Like a lot of people, I was shocked and saddened by the death of Andrew Breitbart this week at the age of 43. While his incendiary tactics were questionable at times, I admired his passion for exposing hypocrisy and his effectiveness in changing the status quo. He had an innate understanding of the web and social media, and how to mobilize public opinion and change events, often in a matter of days. Think sexting and Anthony Weiner.
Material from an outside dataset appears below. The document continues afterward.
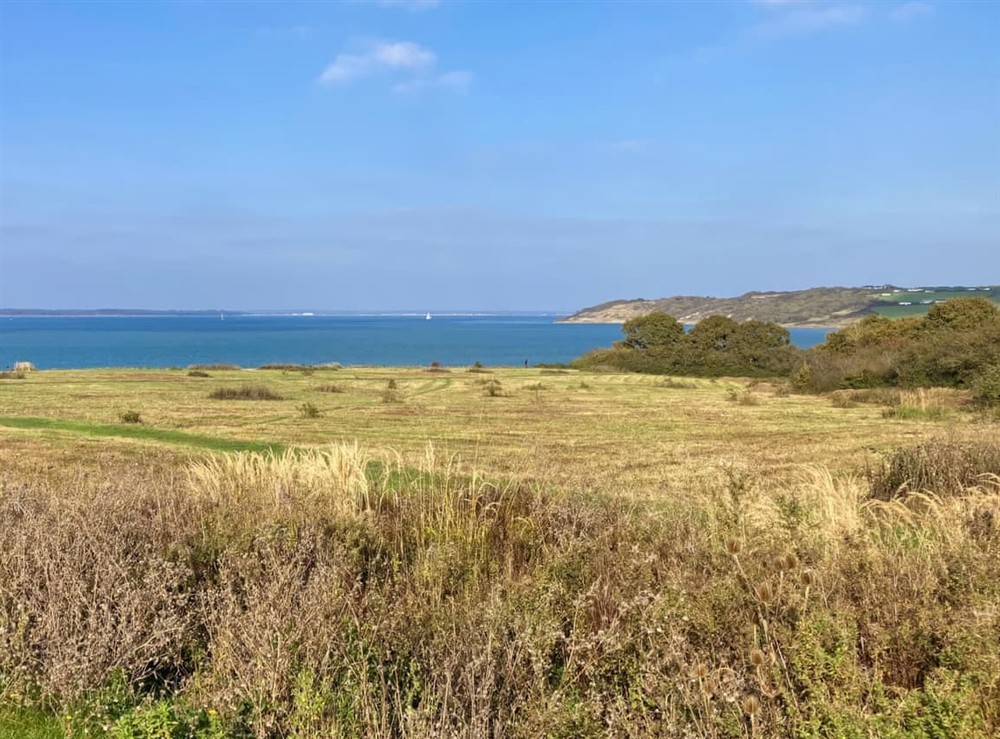 Surrounding area at Thorness Bay in Cowes, Isle of Wight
His death, of an apparent heart attack, brought to mind a talk I heard former Clinton press secretary Mike McCurry give at a conference in the late 1990s on how the internet and cable news had changed politics forever. He spoke about how the Drudge Report "broke" the Monica Lewinsky story in January 1998 when they reported that Newsweek had spiked the story about Clinton's affair with an intern. McCurry then lamented the 24-hour news cycle and how it no longer allowed people caught up in controversial events the time to consider the issue, develop strategies, and choose their words. Instead, sound-bite-driven news ricochets across the web and TV, exhausting the participants, the public, and often crowding out the important issues that really matter.
So, when I read that Brietbart spent his last hours drinking wine at a bar in Brentwood, debating politics with a stranger, all the while checking and tweeting on his Blackberry, it made me think that his always on, always engaged "happy warrior" ethos just wore out his reportedly weak heart. David Frum in a Daily Beast post is more pointed, and says it was Breitbart's negativity and racism, while the The Atlantic's Robert Wright says it was his hostility.
Whatever it was, he leaves behind a wife and four children, and that's so sad.